**Problem statement:** The entire listing below must be written out word for word.

══════

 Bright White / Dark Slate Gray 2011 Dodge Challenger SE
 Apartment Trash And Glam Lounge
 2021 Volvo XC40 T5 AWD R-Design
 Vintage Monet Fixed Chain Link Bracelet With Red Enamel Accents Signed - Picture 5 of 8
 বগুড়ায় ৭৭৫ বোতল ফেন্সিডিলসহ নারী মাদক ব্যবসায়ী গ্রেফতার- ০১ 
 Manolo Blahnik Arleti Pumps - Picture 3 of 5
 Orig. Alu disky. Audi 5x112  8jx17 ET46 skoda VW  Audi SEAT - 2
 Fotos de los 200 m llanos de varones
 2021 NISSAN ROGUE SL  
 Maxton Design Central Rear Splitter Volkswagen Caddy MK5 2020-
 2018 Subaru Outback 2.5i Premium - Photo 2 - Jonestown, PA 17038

══════

**Output:**
 Bright White / Dark Slate Gray 2011 Dodge Challenger SE
 Apartment Trash And Glam Lounge
 2021 Volvo XC40 T5 AWD R-Design
 Vintage Monet Fixed Chain Link Bracelet With Red Enamel Accents Signed - Picture 5 of 8
 বগুড়ায় ৭৭৫ বোতল ফেন্সিডিলসহ নারী মাদক ব্যবসায়ী গ্রেফতার- ০১ 
 Manolo Blahnik Arleti Pumps - Picture 3 of 5
 Orig. Alu disky. Audi 5x112  8jx17 ET46 skoda VW  Audi SEAT - 2
 Fotos de los 200 m llanos de varones
 2021 NISSAN ROGUE SL  
 Maxton Design Central Rear Splitter Volkswagen Caddy MK5 2020-
 2018 Subaru Outback 2.5i Premium - Photo 2 - Jonestown, PA 17038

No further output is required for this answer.